## TASK ITEM
Copy out all the lines of the data precisely, omitting any pictures.

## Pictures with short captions
━━━━━━━━━━
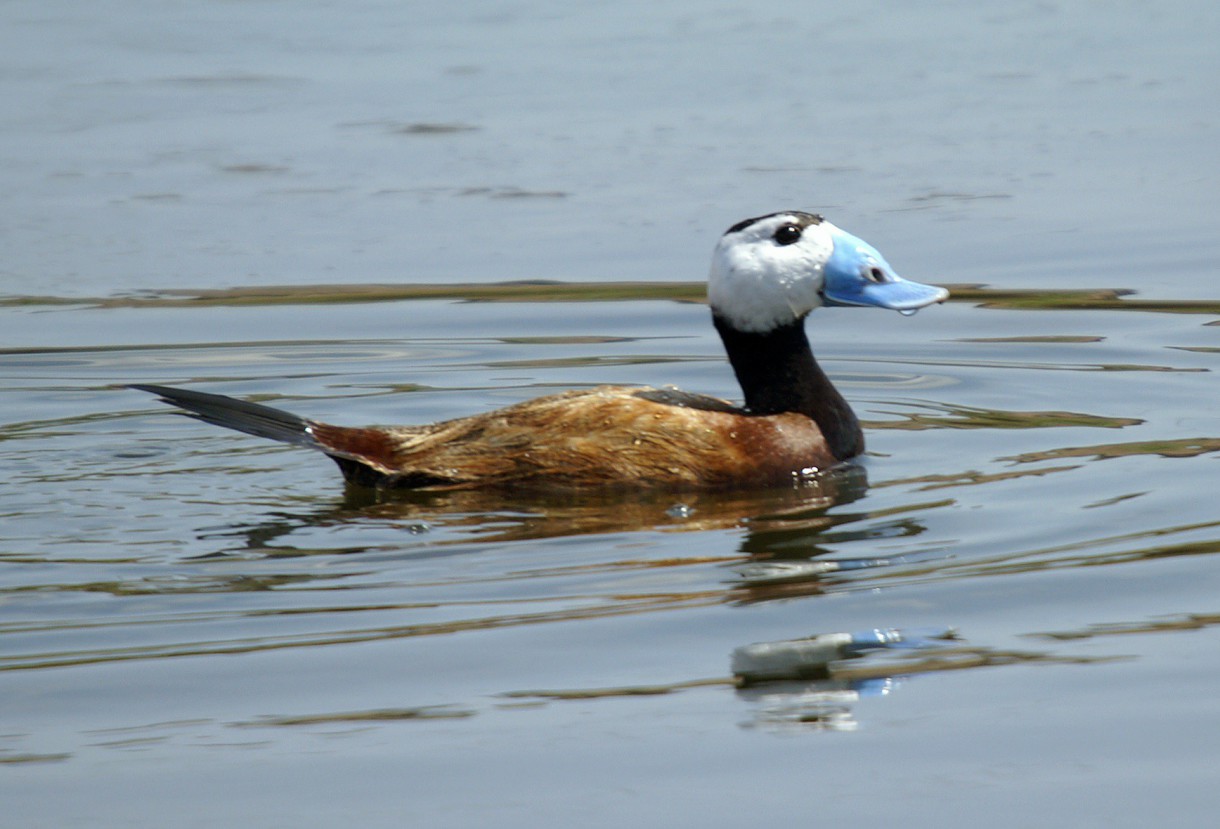 Algunas de las nuevas especies de aves descubiertas este año ya están amenazadas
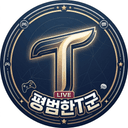 평범한T군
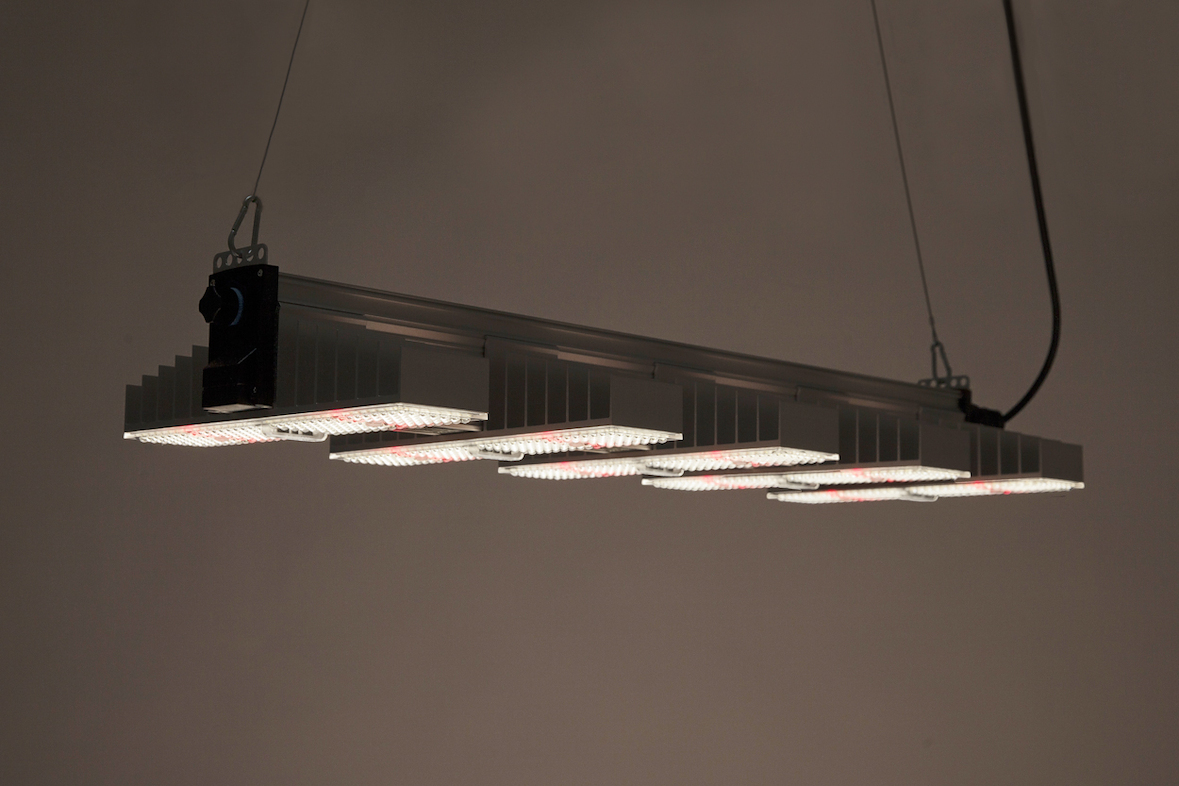 SANlight 1.5 Vollspektrum LED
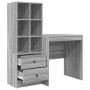 Escritorio con almacenamiento 2 pcs Gris sonoma 70 x 50 x 76 cm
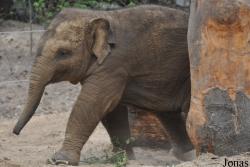 Dierenpark Amersfoort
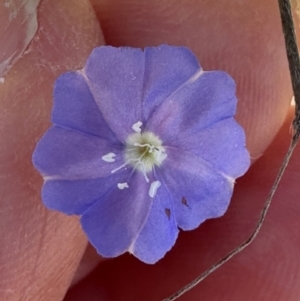 Evolvulus alsinoides var. decumbens at Seventeen Seventy, QLD - 22 Aug 2024 01:49 PM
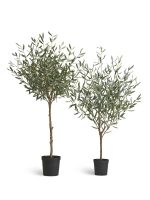 Искусственное дерево Олива Топиари Шар (серия Prime), Treez 10.0624239N — изображение 4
━━━━━━━━━━
## ANSWER SPACE
 Algunas de las nuevas especies de aves descubiertas este año ya están amenazadas
 평범한T군
 SANlight 1.5 Vollspektrum LED
 Escritorio con almacenamiento 2 pcs Gris sonoma 70 x 50 x 76 cm
 Dierenpark Amersfoort
 Evolvulus alsinoides var. decumbens at Seventeen Seventy, QLD - 22 Aug 2024 01:49 PM
 Искусственное дерево Олива Топиари Шар (серия Prime), Treez 10.0624239N — изображение 4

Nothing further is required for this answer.